Depending on your system, `ninja` command may be called `ninja-build`.

By default, Libzim tries to compile with Xapian (and will generate an
error if Xapian is not found). You can build without Xapian by
passing the option `-Dwith_xapian=false` :
```bash
meson . build -Dwith_xapian=false
ninja -C build doc
```

If Libzim is compiled without Xapian, all search API are removed. You
can test if an installed version of Libzim is compiled with or without
xapian by testing the define `LIBZIM_WITH_XAPIAN`.

Testing
-------

ZIM files needed by unit-tests are not included in this repository.
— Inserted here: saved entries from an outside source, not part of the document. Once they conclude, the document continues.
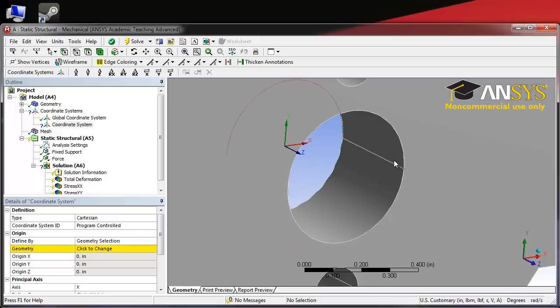We are going to click on the edge of the support hole on the front face of the crank, since the front face is where we are going to be drawing our paths.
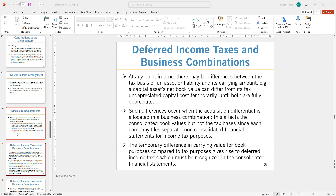Hello everyone, welcome back again to your Chapter 9 series of lectures. We finished the joint venture in the previous lecture and now we're going to jump into deferred income taxes.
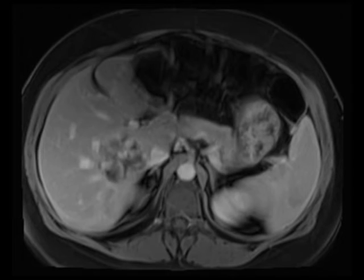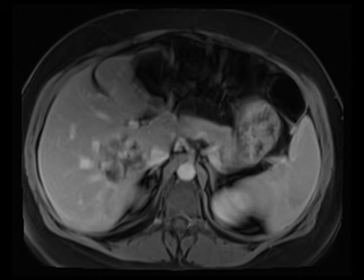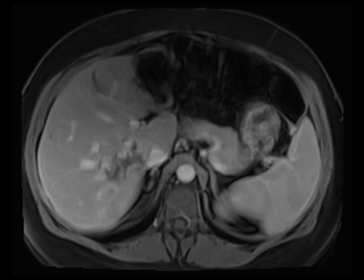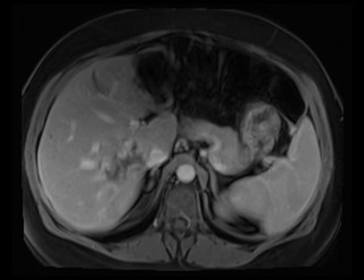Notice that you're dealing with a very T2 hyperintense mass — almost cystic in terms of its appearance. And on the post-gadolinium images, because of that soft tissue resolution of MR, you can nicely illustrate the classic globular, nodular, peripheral enhancement with centripetal fill-in. So this is a classic example of hemangioma.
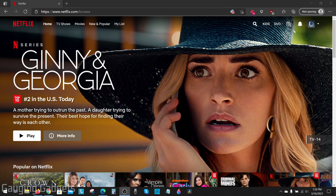Welcome to another Gauging Gadgets Netflix tutorial video. In this video I'm going to show you how to change your Netflix region, which will allow you to watch Netflix from different countries in the world. This can be useful if you're trying to watch shows that aren't available on Netflix in your current country.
By
default, Meson will use an internal directory in your build directory,
but you can specify another directory with option `test_data_dir`:
```bash
meson . build -Dtest_data_dir=
```

Whatever you specify a directory or not, you need a extra step to
download the data. At choice:
* Get the data from the repository
[openzim/zim-testing-suite](https://github.com/openzim/zim-testing-suite)
and put it yourself in the directory.
* Use the script
[download_test_data.py](scripts/download_test_data.py) which will
download and extract the data for you.
* As `ninja` to do it for you with `ninja download_test_data` once the
project is configured.

The simple workflow is:
```bash
meson . build # Configure the project (using default directory for test data)
cd build
ninja # Build
ninja download_test_data # Download the test data
meson test # Test
```

It is possible to deactivate all tests using test data zim files by
passing `none` to the `test_data_dir` option:
```bash
meson . build -Dtest_data_dir=none
cd build
ninja
meson test # Run tests but tests needing test zim files.
```

If the automated tests fail or timeout, you need to be aware that some
tests need up to 16GB of memory. You can skip those specific tests with:
```bash
SKIP_BIG_MEMORY_TEST=1 meson test
```

Some tests are checking error detection in multithread environment and
they need to sleep to let threads working (and detect error).
How many time to wait depends of your computer.
If you have `error_in_creator` test failing, you probably need to extend the waiting time.
This can be done by setting the env variable `WAIT_TIME_FACTOR_TEST` to a float factor.
The waiting time will multiplied by this factor.

```
WAIT_TIME_FACTOR_TEST=2 meson test
```

Installation
------------

If you want to install the Libzim and the headers you just have
compiled on your system, here we go:
```bash
ninja -C build install
```

You might need to run the command as root (or using `sudo`), depending
where you want to install the libraries. After the installation
succeeded, you may need to run ldconfig (as root).

Uninstallation
------------

If you want to uninstall the Libzim:
```bash
ninja -C build uninstall
```

Like for the installation, you might need to run the command as root
(or using `sudo`).

Troubleshooting
---------------

If you need to install Meson "manually":
```bash
virtualenv -p python3 ./ # Create virtualenv
source bin/activate # Activate the virtualenv
pip3 install meson # Install Meson
hash -r # Refresh bash paths
```

If you need to install Ninja "manually":
```bash
git clone git://github.com/ninja-build/ninja.git
cd ninja
git checkout release
./configure.py --bootstrap
mkdir ../bin
cp ninja ../bin
cd ..
```

If the compilation still fails, you might need to get a more recent
version of a dependency than the one packaged by your Linux
distribution. Try then with a source tarball distributed by the
problematic upstream project or even directly from the source code
repository.

License
-------

[GPLv2](https://www.gnu.org/licenses/old-licenses/gpl-2.0.en.html) or
later, see [COPYING](COPYING) for more details.